In defense of (some) neuroeconomics

Andrew Samwick at Vox Baby reports on the neuroeconomics sessions at the AEAs.  He is justifiably impressed with the work of David Laibson.  Laibson has pioneered the theory and implications of hyperbolic discounting.

But a clever economist can always come up with a rational (time-consistent) model to explain what appears to be irrational hyperbolic discounting.  Laibson, however, uses fMRI scans to show that different parts of the brain are activated when making decisions at different time-scales.  As Andrew notes, the isolation of the different decisions to different parts of the brain gives Laibson’s argument significant credibility against more standard neo-classical explanations for the same phenomena.

How would tighter regulation affect mortgage origination?
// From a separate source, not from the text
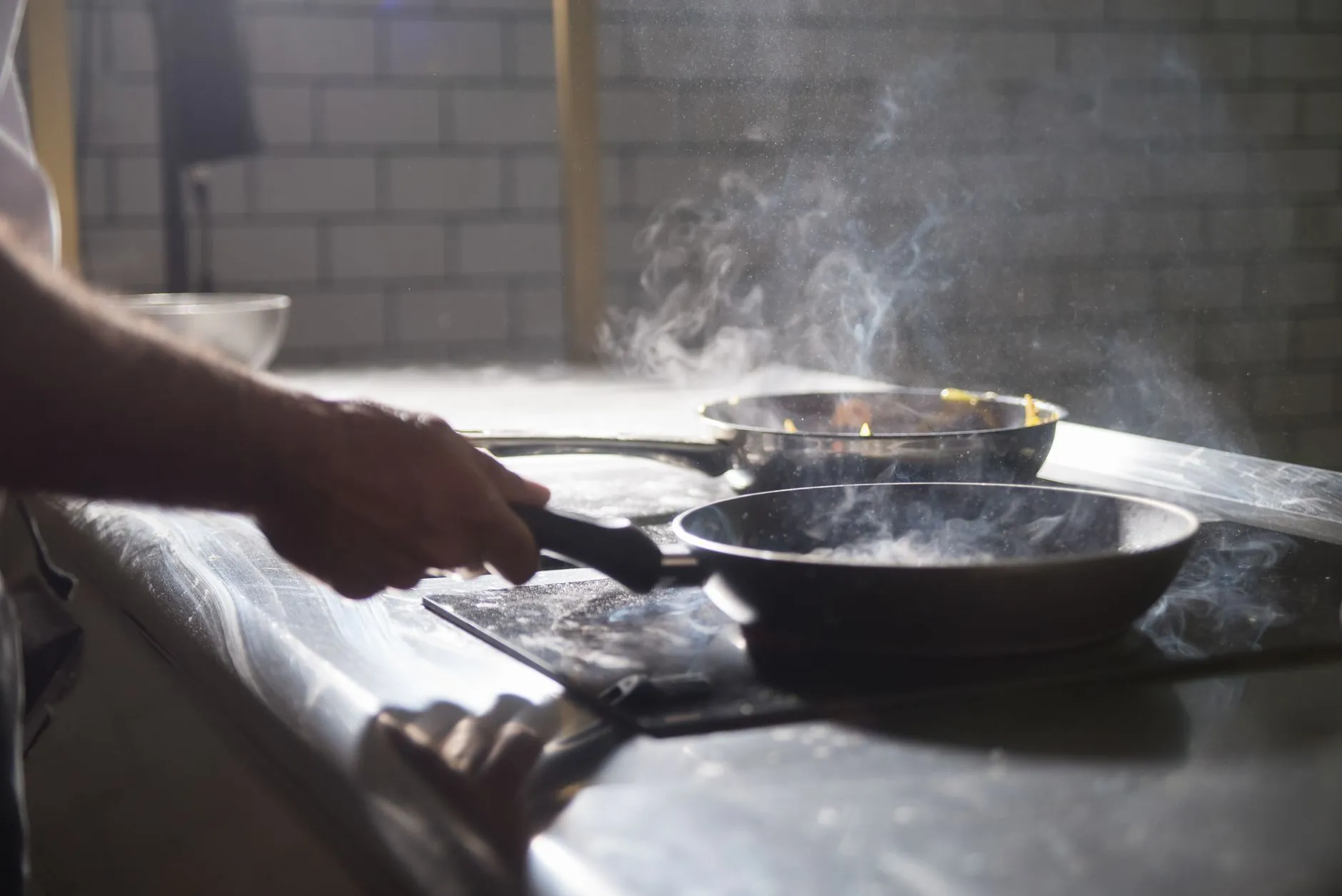 餐饮投资者必读:厨师外派与后厨托管服务方案设计指南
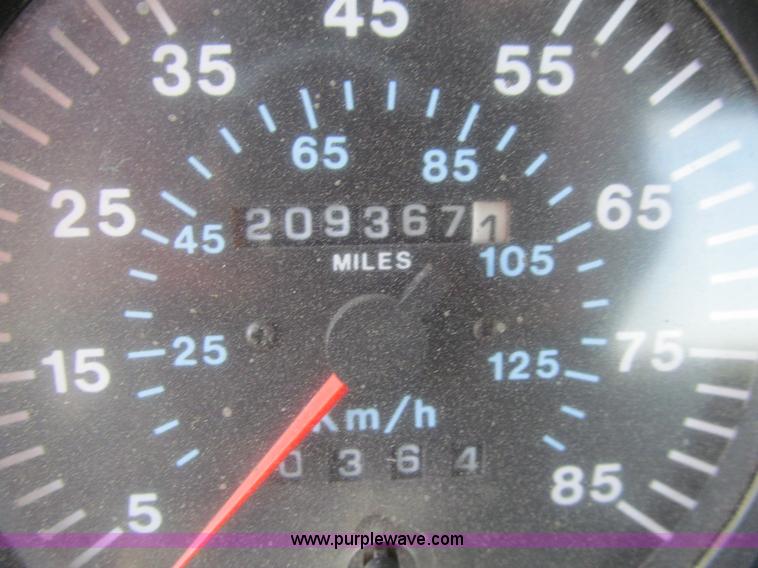 image for item E4715 1996 Mack CH613 semi truck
Here’s one paper suggesting that regulation doesn’t necessarily solve current problems:

We find that most aspects of mortgage broker licensing systems, such as mandatory professional education, do not have a significant and consistent statistical association with market outcomes. However, one component — the requirement in many states that mortgage brokers maintain a surety bond or minimum net worth — does have a significant and fairly consistent statistical relationship with both labor and consumer market outcomes. In particular, we find that tighter bonding/net worth requirements are associated with fewer brokers, fewer subprime mortgages, higher foreclosure rates, and a greater percentage of high-interest-rate mortgages. Although we do not provide a full causal interpretation of these results, we take seriously the possibility that restrictive bonding requirements for mortgage brokers have unintended negative consequences for many consumers. On balance, our results also seem to support theories of occupational licensing that stress the importance of pure entry and exit barriers over those that focus more on the human capital effects of licensing.

Get that?  Tighter regulation does mean fewer subprime mortgages, but also higher foreclosure rates and higher interest rates on the mortgages.  This paper is hardly the final word, if only because broker licensing is not the only possible means of regulation.  But in the meantime caution is in order; don’t be attracted to the idea of tighter regulation simply because you feel we haven’t had good enough regulation so far.  Regulators are famous for fighting the last war, not preventing the crisis to come.

So far I’m not finding an ungated copy of this paper.